Generative Adversarial Networks (GANs) belong to the family of generative models. They use the techniques of deep learning and neural network models. We can use GANs to generative many types of new data including images, texts, and even tabular data.
In recent years, GANs have gained much popularity in the field of deep learning. And all of this started from this famous paper by Goodfellow et al. After the introduction of the paper, Generative Adversarial Nets, we have seen many interesting applications come up. This not only includes GANs but also the likes of variational autoencoders as well.
So, in this article, we will get to know about GANs as much as we can.

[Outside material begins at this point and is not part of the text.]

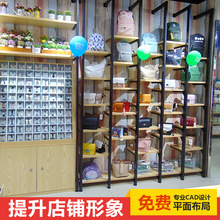 名创货架精品店高档男女包包展示柜背包衣服展示架鞋子陈列柜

What Will You Learn in This Article?
- What are GANs – an introduction?
- A basic overview of GANs.
- The generator.
- The discriminator.
- Training of GANs and loss functions.
- The difficulty with training GANs.
- Different types of GANs and their applications.
An Introduction to GANs
GANs belong to the family of generative models in deep learning. And under the hood, they are an unsupervised learning technique. This is because, while training GANs, we do not provided the labels or targets to the neural network model. As GANs are generative models, they try to create new data instances that resemble training data.
Probably, the most popular data generated by GANs is image data. We can do this by using Convolutional Neural Networks in the GAN architecture. In fact, nowadays, GANs can create pretty realistic examples that do not look fake at all, For example, take a look at the following picture.
None of the human faces in figure 1 are real. They are all generated by a GAN. And they don’t look fake from any angle. So, this is the height of realism that we are able to achieve today with GANs. Not only this, but there are also many more applications as well. We will take a look into those in this post as well.
GANs Contain Two Neural Networks
GANs contail two neural network in their architecture. One is the generator and the other one is the discriminator.
While training a GAN, the generator tries to generate new fake data from a given noisy sample space. And with each iteration, it tries to generate more and more realistic data.
At the same time, the discriminator tries to differentiate the real data from the generated fake data of the generator. While training the discriminator, we provide it with both, the real data (positive examples) and the generated data (negative examples). A time will come when the discriminator won’t be able to tell whether the data is real or fake (generated by the generator). This is the time we stop the training and can successfully use the generator to generate realistic data that resembles the input data.
In the following two sections, we will be looking at the generator and discriminator in detail.
The Discriminator in GAN
The discriminator neural network in a GAN architecture tries to differentiate between the real data and the data generated by a generator. In fact, we can say that the discriminator is a binary classifier that classifies between positive and negative examples.
As such, the positive examples are the real data (with label 1) and the negative examples are the data generated by the generator (with label 0). If we take the example of image data, then the discriminator can be a convolutional neural network as well.
Figure 3 shows the flow of data and backpropagation when the discriminator is training.
Training the Discriminator
We already know that the discriminator uses two classes of data during its training. In the case of images, they are the real images and the fake images from the generator.
The important fact here is that while the discriminator trains, the generator does not train. While training the discriminator, we only backpropagate using the discriminator loss values. The loss values of the generator are frozen when the discriminator trains. We can also infer the same from figure 3.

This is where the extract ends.